**The data:**
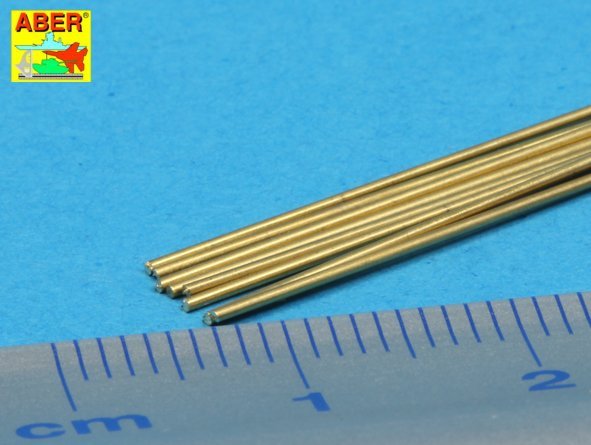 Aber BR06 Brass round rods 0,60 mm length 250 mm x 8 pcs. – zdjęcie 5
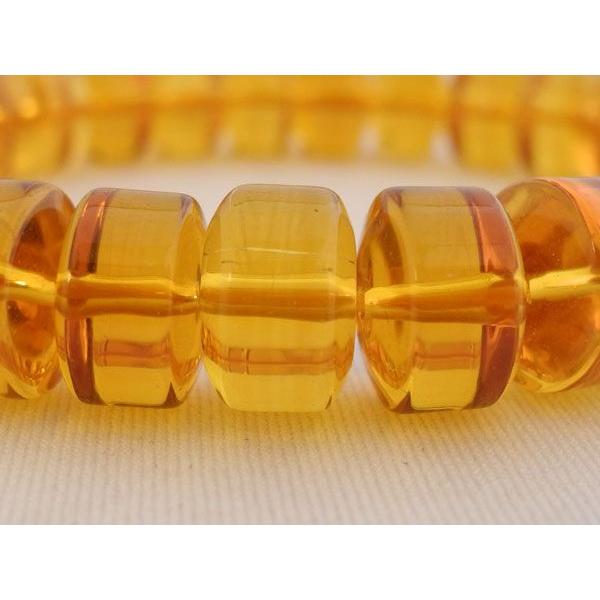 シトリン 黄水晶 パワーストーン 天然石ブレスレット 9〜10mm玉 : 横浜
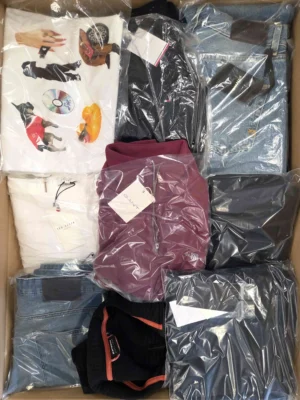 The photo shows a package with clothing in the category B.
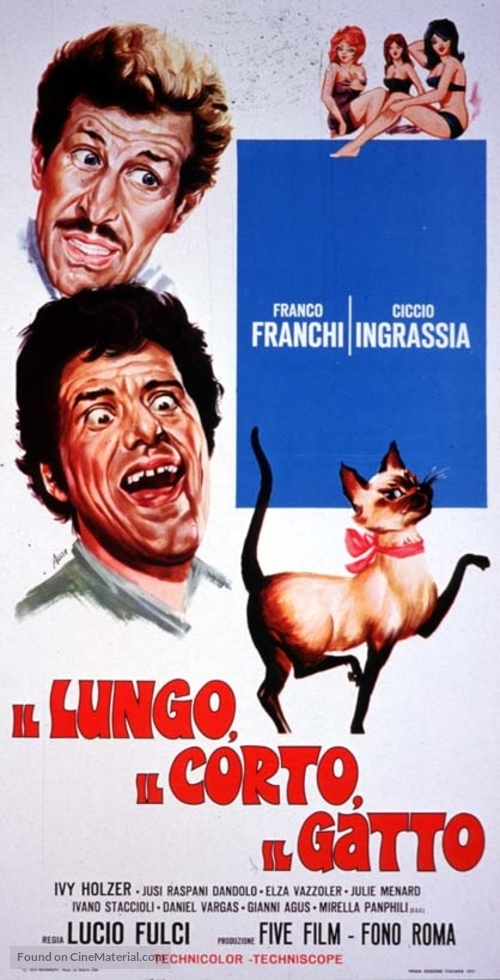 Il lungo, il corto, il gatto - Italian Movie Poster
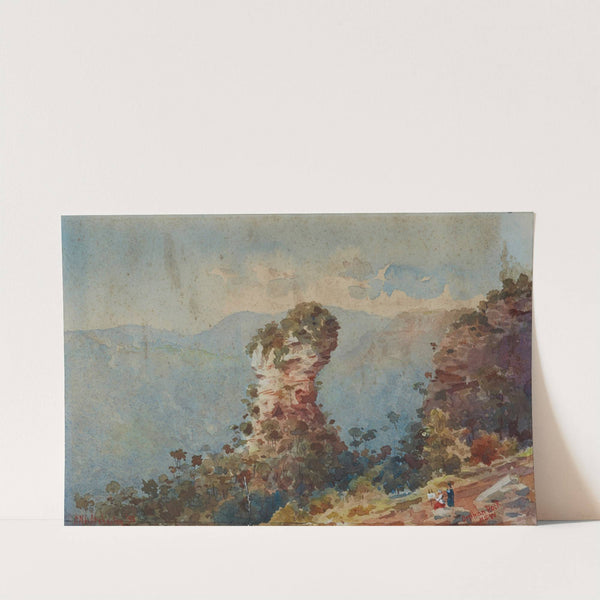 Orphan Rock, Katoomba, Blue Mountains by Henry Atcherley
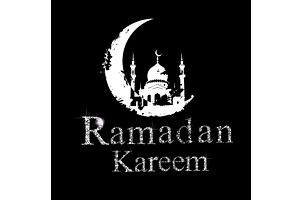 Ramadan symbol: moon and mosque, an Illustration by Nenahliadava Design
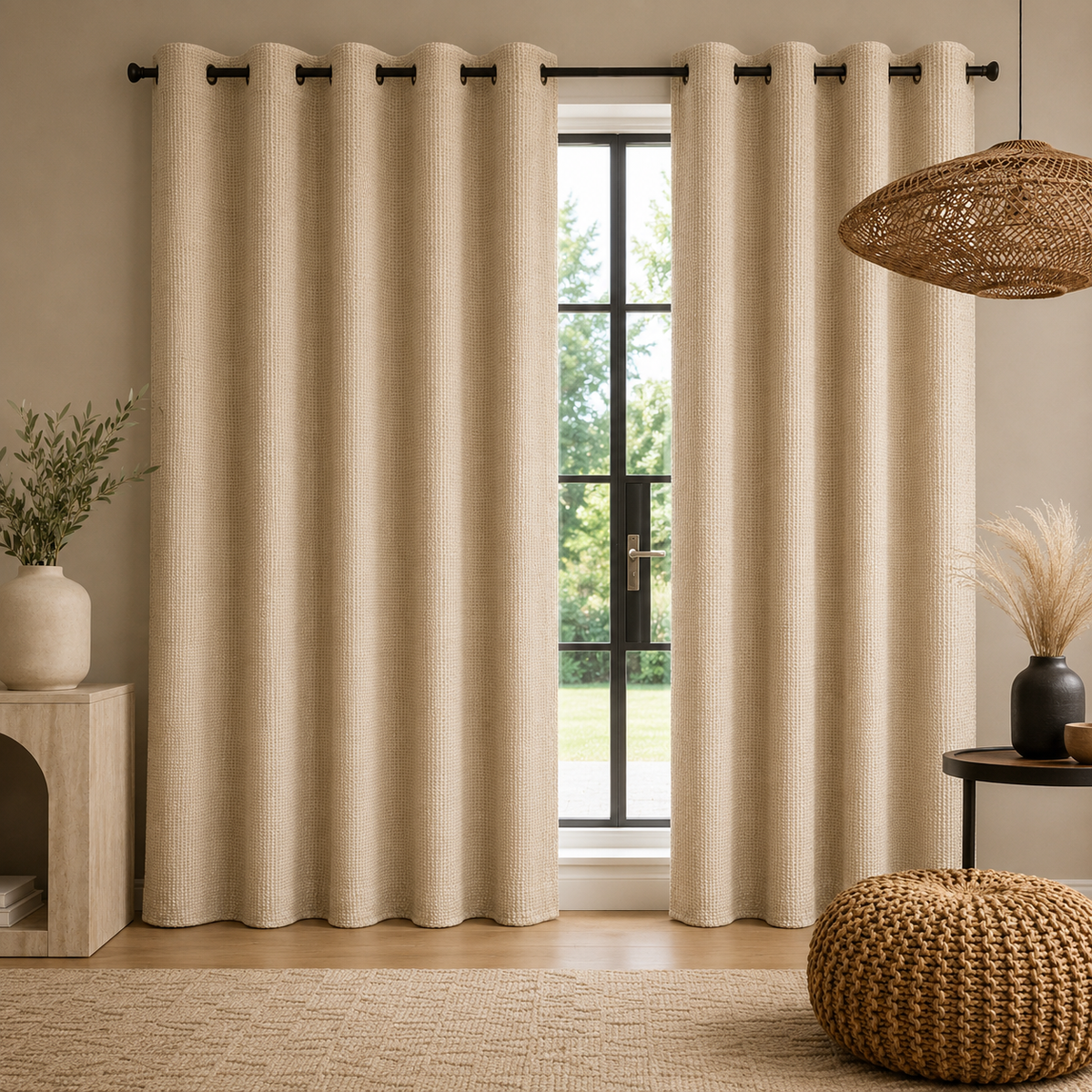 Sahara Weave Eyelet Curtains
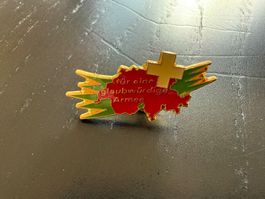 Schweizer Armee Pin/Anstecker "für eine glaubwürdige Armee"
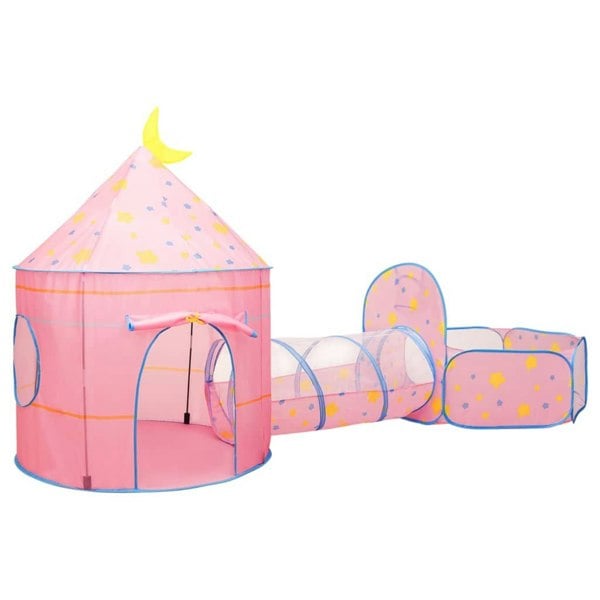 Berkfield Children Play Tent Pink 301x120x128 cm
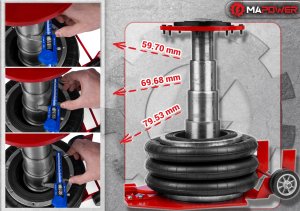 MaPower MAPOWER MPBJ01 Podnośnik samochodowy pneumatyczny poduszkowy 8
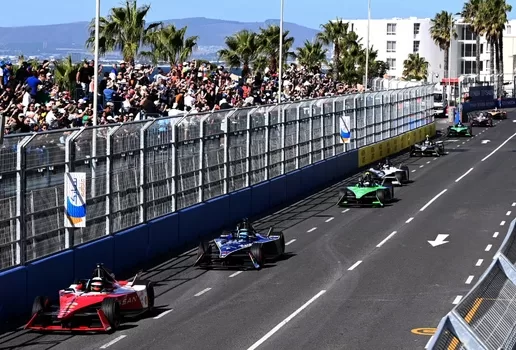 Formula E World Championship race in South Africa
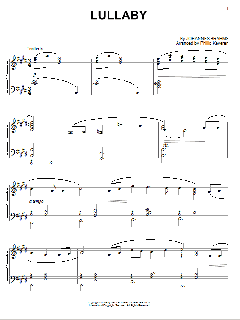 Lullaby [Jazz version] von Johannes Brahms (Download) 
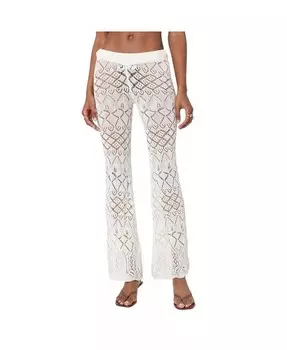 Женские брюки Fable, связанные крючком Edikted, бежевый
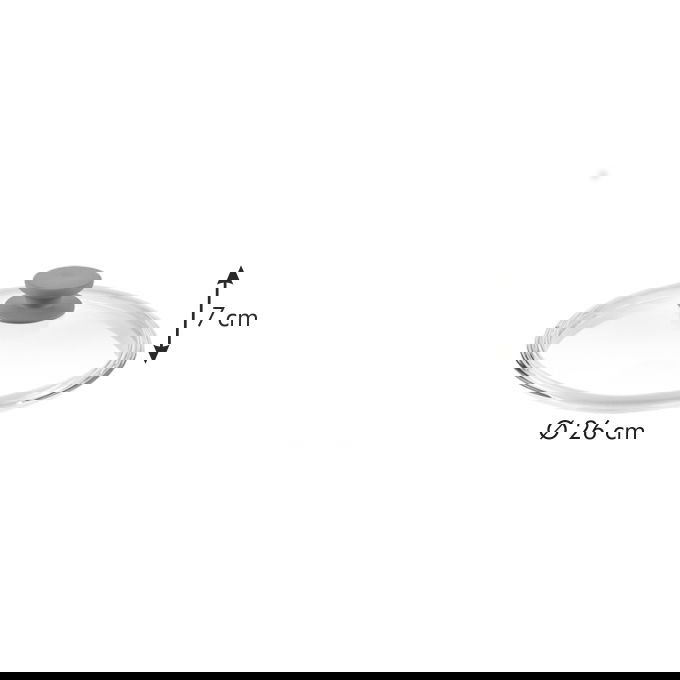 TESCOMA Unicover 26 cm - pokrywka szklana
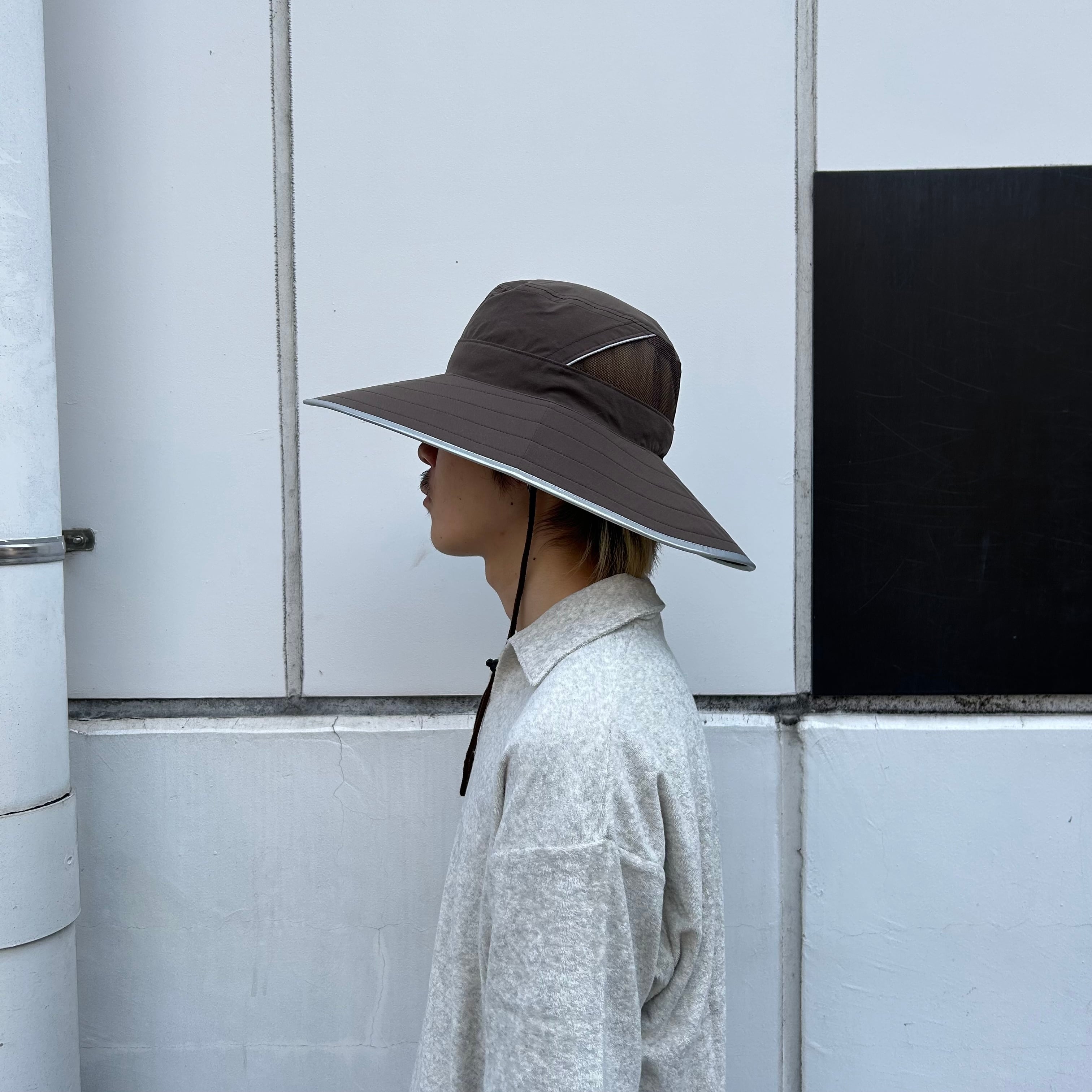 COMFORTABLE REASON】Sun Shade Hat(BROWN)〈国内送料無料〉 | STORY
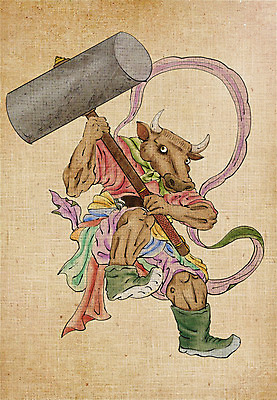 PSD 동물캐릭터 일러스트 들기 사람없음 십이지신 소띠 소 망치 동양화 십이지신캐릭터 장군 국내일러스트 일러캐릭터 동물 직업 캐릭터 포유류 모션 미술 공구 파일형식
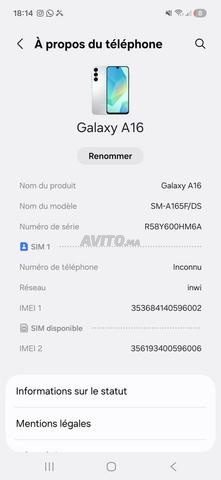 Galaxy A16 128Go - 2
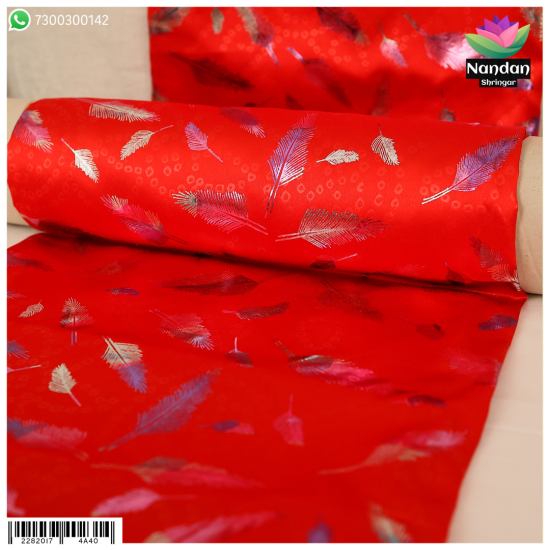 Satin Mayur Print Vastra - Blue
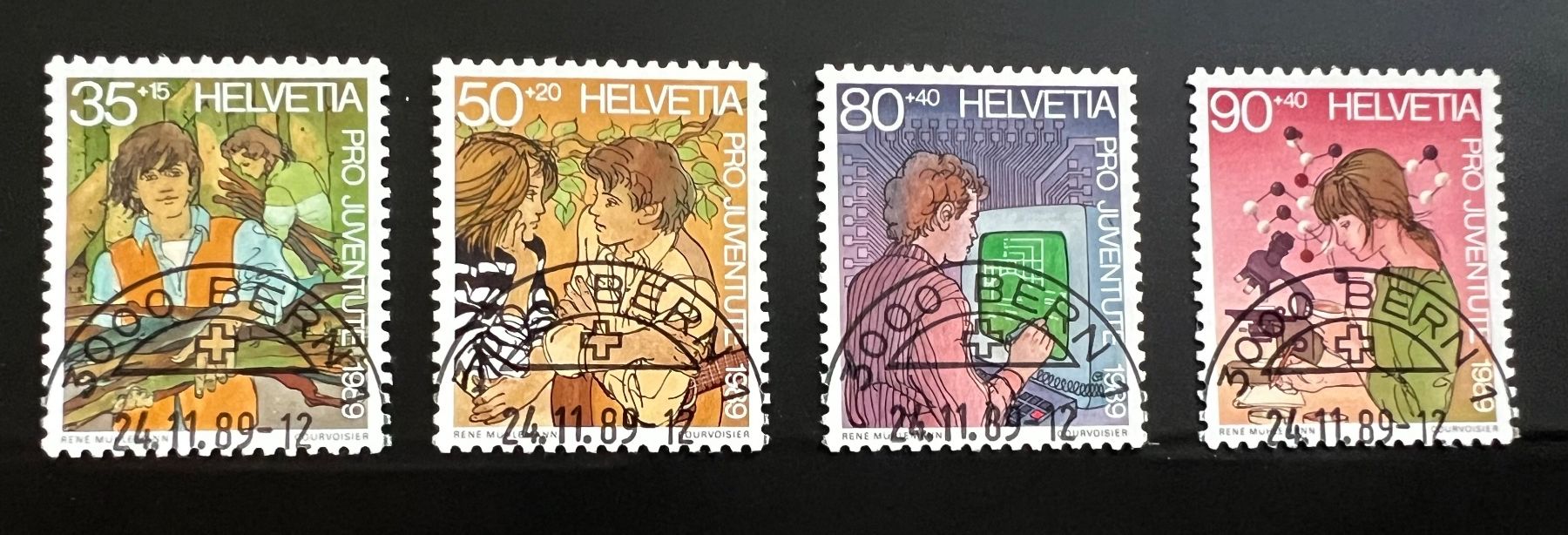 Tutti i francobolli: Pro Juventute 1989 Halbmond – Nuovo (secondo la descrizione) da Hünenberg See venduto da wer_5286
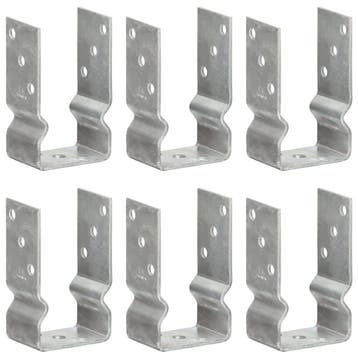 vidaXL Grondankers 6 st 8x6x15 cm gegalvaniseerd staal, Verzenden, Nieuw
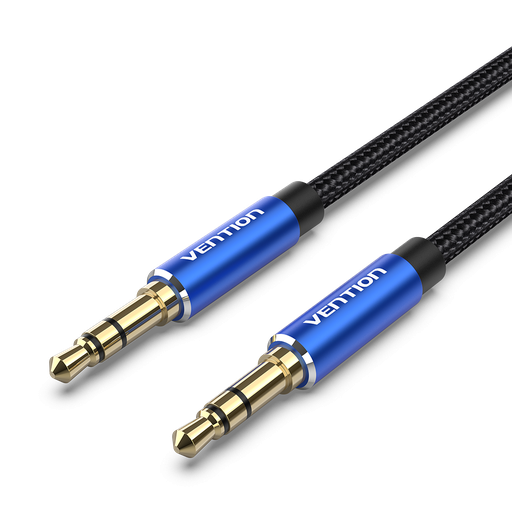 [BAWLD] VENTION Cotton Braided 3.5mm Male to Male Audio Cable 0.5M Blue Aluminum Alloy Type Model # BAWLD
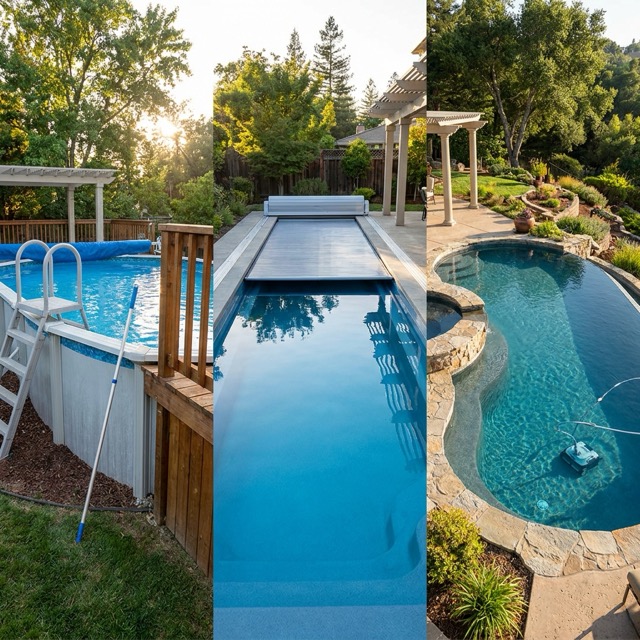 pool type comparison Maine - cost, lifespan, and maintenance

**About this exercise:**
I need the entries printed exactly, with each picture left out.

**Written response:**
 Aber BR06 Brass round rods 0,60 mm length 250 mm x 8 pcs. – zdjęcie 5
 シトリン 黄水晶 パワーストーン 天然石ブレスレット 9〜10mm玉 : 横浜
 The photo shows a package with clothing in the category B.
 Il lungo, il corto, il gatto - Italian Movie Poster
 Orphan Rock, Katoomba, Blue Mountains by Henry Atcherley
 Ramadan symbol: moon and mosque, an Illustration by Nenahliadava Design
 Sahara Weave Eyelet Curtains
 Schweizer Armee Pin/Anstecker "für eine glaubwürdige Armee"
 Berkfield Children Play Tent Pink 301x120x128 cm
 MaPower MAPOWER MPBJ01 Podnośnik samochodowy pneumatyczny poduszkowy 8
 Formula E World Championship race in South Africa
 Lullaby [Jazz version] von Johannes Brahms (Download) 
 Женские брюки Fable, связанные крючком Edikted, бежевый
 TESCOMA Unicover 26 cm - pokrywka szklana
 COMFORTABLE REASON】Sun Shade Hat(BROWN)〈国内送料無料〉 | STORY
 PSD 동물캐릭터 일러스트 들기 사람없음 십이지신 소띠 소 망치 동양화 십이지신캐릭터 장군 국내일러스트 일러캐릭터 동물 직업 캐릭터 포유류 모션 미술 공구 파일형식
 Galaxy A16 128Go - 2
 Satin Mayur Print Vastra - Blue
 Tutti i francobolli: Pro Juventute 1989 Halbmond – Nuovo (secondo la descrizione) da Hünenberg See venduto da wer_5286
 vidaXL Grondankers 6 st 8x6x15 cm gegalvaniseerd staal, Verzenden, Nieuw
 [BAWLD] VENTION Cotton Braided 3.5mm Male to Male Audio Cable 0.5M Blue Aluminum Alloy Type Model # BAWLD
 pool type comparison Maine - cost, lifespan, and maintenance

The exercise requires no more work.